Mr Chaiyanat is accused of being involved in supplying or authorising the sale of narcotics that were confiscated at an illegally run pub in Yannawa district.
He is also charged with operating the pub without permission and providing assistance to drug-related offenders, as well as associating with a transnational crime network.
During his latest visit to the authorities to provide information about the Chinese gang operating in Thailand, Mr Chuvit urged the OAG to fast-track efforts to press a money laundering charge against Mr Chaiyanat in order to prevent him from transferring his assets somewhere else.
A crucial document supplied by Mr Chuvit also showed the transaction history and money trail of Mr Chaiyanat, which suggested the involvement of several other individuals in his presumed network.

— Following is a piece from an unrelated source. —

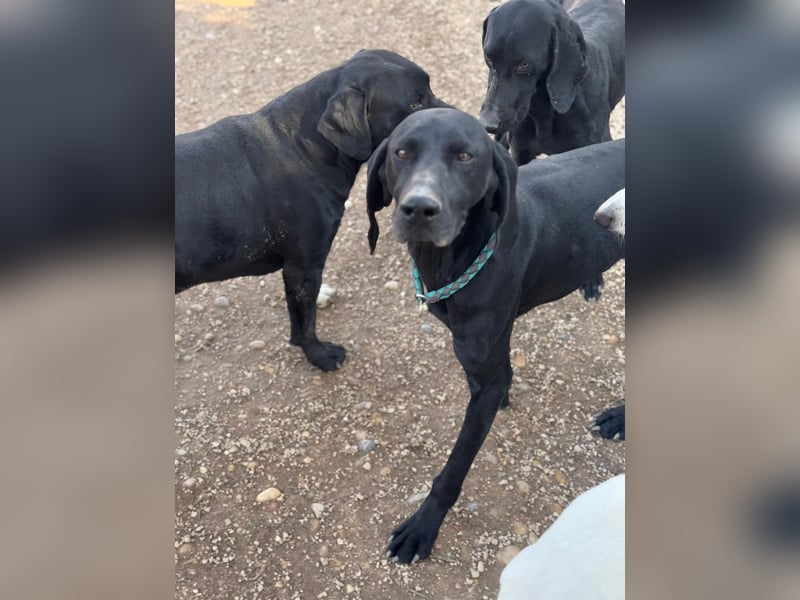 Morena, freundlich und aktiv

Aside from the potential money laundering charge, Mr Chuvit told reporters he had received confirmation from national police chief Pol Gen Damrongsak Kittiprapas stating that the OAG has now been granted full authority to move forward with legal proceedings.
Pol Gen Damrongsak said he would endorse the filing of a lawsuit against any wrongdoers rather than the Metropolitan Police Bureau (MPB).
The Department of Special Investigation (DSI) has taken charge of the case due to the slow progress made in proceeding with the money laundering charge.
Mr Chuvit said all of the Chinese patrons arrested during the crackdown at the Jinling pub on Charoen Rat Road on Oct 26 are now trying to amass money to bribe immigration police with 5 million baht each so they can flee Thailand and take a charter flight to Cambodia.
He said they might have illicit drugs with them and warned immigration police against taking any "tea money" as he has all their passport information and can track them down.
Mr Chuvit pointed to the negligence of police tied to the case, including those who released Chinese patrons who tested positive for illicit substances, as well as prime suspects, and other officers who released a luxury car owned by Shui Tai Wei, operator of the Baby Face pub in Sutthisan district.
"I didn't mean to blame the MPB chief or the other officers. I just pointed to the negligence of the MPB. I want to address this to stamp out illegal businesses run by foreigners in Thailand."